That rationale is different from the one Ross pointed to when he announced he was added the question: a Justice Department request for the data for Voting Rights Act enforcement.

Kobach also proposed asking non-citizens whether they had a green card.

The Kobach emails, which were sent several months before the Justice Department formally requested the citizenship question, also indicated that Kobach and the Commerce secretary had spoken over the phone about the issue “at the direction of Steve Bannon.”

The rest of the email chain suggests that Ross and Kobach spoke on the phone again about the matter.

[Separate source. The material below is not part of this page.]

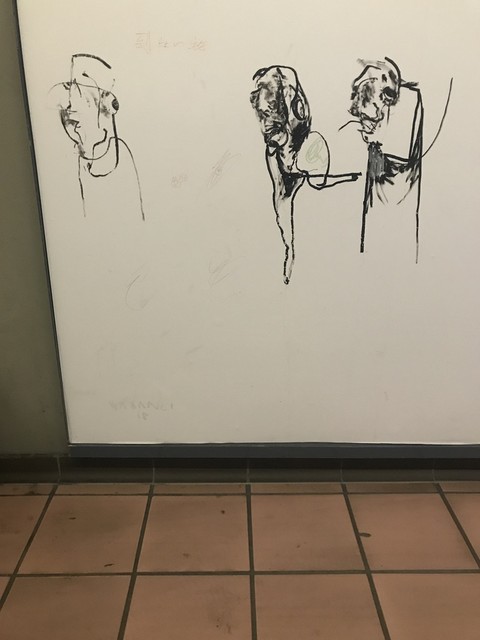 Disegni a inchiostro di figure su una lavagna bianca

The email was released late Friday evening among more than 1,000 pages of emails, letters, memos and reports related to the administration’s planning for the 2020 survey, many of them specifically concerning the debate over adding the question.

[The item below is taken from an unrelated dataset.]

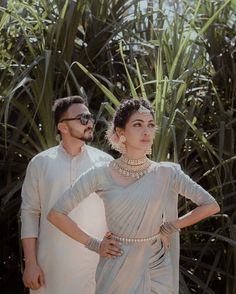 a man and woman standing next to each other in front of palm trees wearing white outfits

The Commerce Department turned over the documents as part of a lawsuit, brought by New York and other states and localities, challenging the move to add the question. Critics of the decision argue that it was made hastily, without proper testing, and that it stands to discourage immigrant participation on the decennial survey. An undercount would have major implications for the political power of, and federal funding for, places with large immigrant communities.

Ross, in announcing the decision to add the question in March, pointed specifically to the Justice Department’s request, which many view skeptically given that, for decades, lawsuits seeking to enforce the Voting Rights Act have been brought successfully using citizenship data collected in other surveys.

Kobach was not the only supporter of the move to suggest to Ross that the citizenship data would also allow for apportionment and redistricting to be carried out in a way that excludes certain non-citizens.

Peter N. Kirsanow, a Republican member of the U.S. Commission on Civil Rights noted in a March 2018 letter that “Congress is unlikely to act to exclude illegal aliens from apportionment, particularly because states that have large number of illegal aliens would fiercely fight such a change for fear they might lose a congressional seat.”

But he suggested states would opt to draw state legislative districts based on the state’s number of citizens, rather than total population, and “we should give them the data to do so.”

Likewise, Jeff Landry, the GOP attorney general for Louisiana, told Ross in a March 2018 phone conversation that states would like to use the citizenship data in redistricting, according to internal notes from the conversation released Friday.